The show is presenting several prints from the Africa Suite series from 1970. In each of the compositions a black, amorphous form stands out against a light-coloured background. These expressive images have a calligraphic character; they remain enigmatic, however, especially in their apparent dynamism. Here we can trace how Motherwell took up the automatism of the Surrealists, but now its goal was to generate an artist’s signature that was abstract and open to interpretation.

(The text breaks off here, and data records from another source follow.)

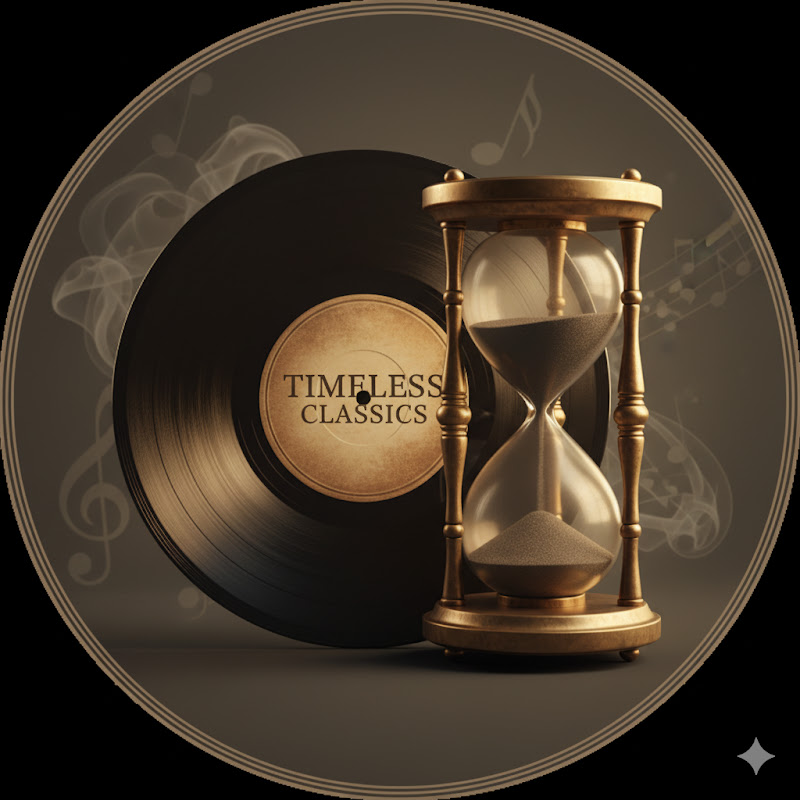 Timeless Classics Logo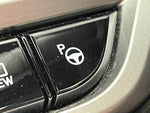 LEXUS RX350h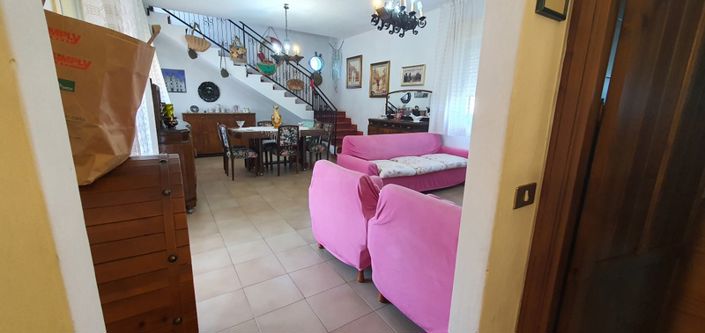 Image No.21-Villa de 4 chambres à vendre à Sicile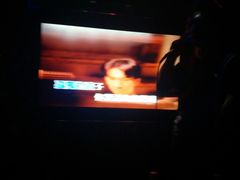 -咪乐星量贩式KTV(好乐迪店)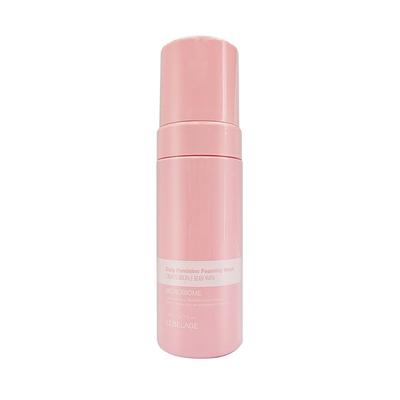 Daily Feminine Foaming Wash Refreshing Gentle Cleansing 150ml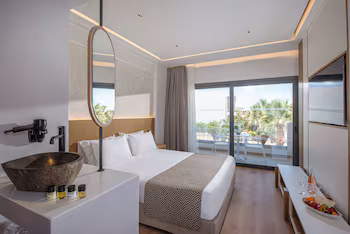 Aelius Hotel & Spa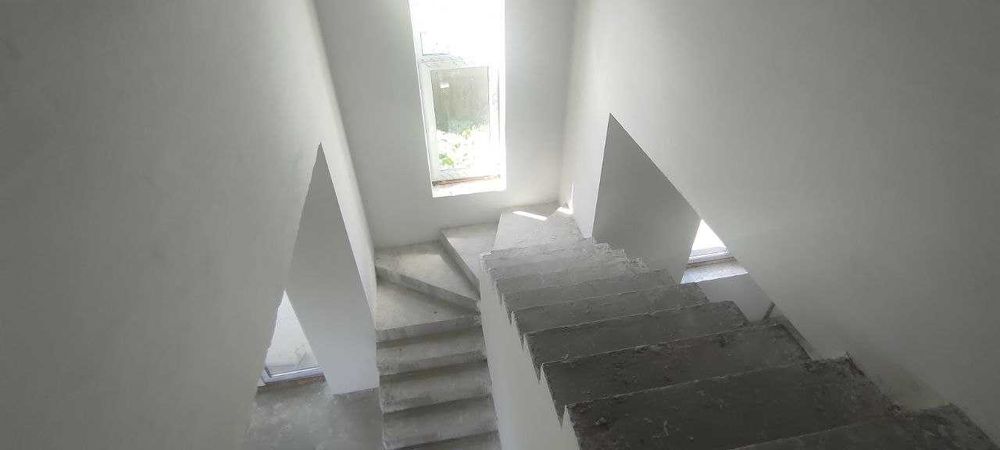 Без% від власника. Ваш новий дім чекає на вас у Гатне!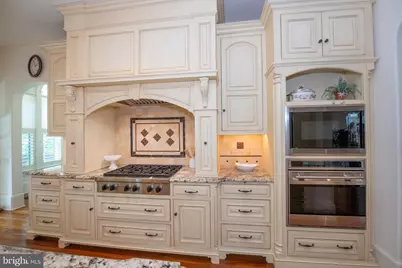 711 Moredon Road, Jenkintown, PA 19046 - Photo 72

Motherwell very early developed a special passion for collage, devoting himself to this technique while he also worked on his large paintings. He developed forms of representation out of collage with the support of various printing techniques, such as aquatint or screen-printing. For example, the cigarette packages that the artist initially included as a collage element, he then reproduced by printing techniques in the 1970s. In this way, Motherwell was able to produce variations in other tones in addition to the characteristic wine red of Roth-Händle cigarette packages.
Motherwell discontinued making prints of such everyday objects after 1980. The subjects of the Berggruen series are greatly reduced compared to the collage-like prints. A few strictly geometrically shaped fields of different colours as the background provide the contrasting counterpoint for individual formless elements in black. The latter are reminiscent of the motifs in the Africa Suite series, but seem isolated and, in the interaction with the fields of colour, to be independent pictorial planes.
In Automatism Elegy (1980) and Elegy Black Black (1983), Motherwell again takes up a motif that he varied repeatedly throughout his artistic career: stringing together geometric figures, black surfaces and ovals. Motherwell’s Elegies go back to a work from 1948 that reflected the grief over the victims of the Spanish Civil War.
Motherwell, a self-taught artist, has had a decisive influence on American art since the 1940s. His openness in terms of content and design in conveying ideas and emotions by means of gestural abstraction represents an outstanding artistic approach and is very vividly evident in the painterly quality of his prints.
Robert Motherwell has been exhibited worldwide and his works are in the collections of major art institutions, such as the Tate Gallery, London; the Peggy Guggenheim Collection, Venice; the Guggenheim Museum, the Metropolitan Museum of Art and the Museum of Modern Art, New York; the J. Paul Getty Museum, Los Angeles; and the Art Gallery of Ontario, Toronto.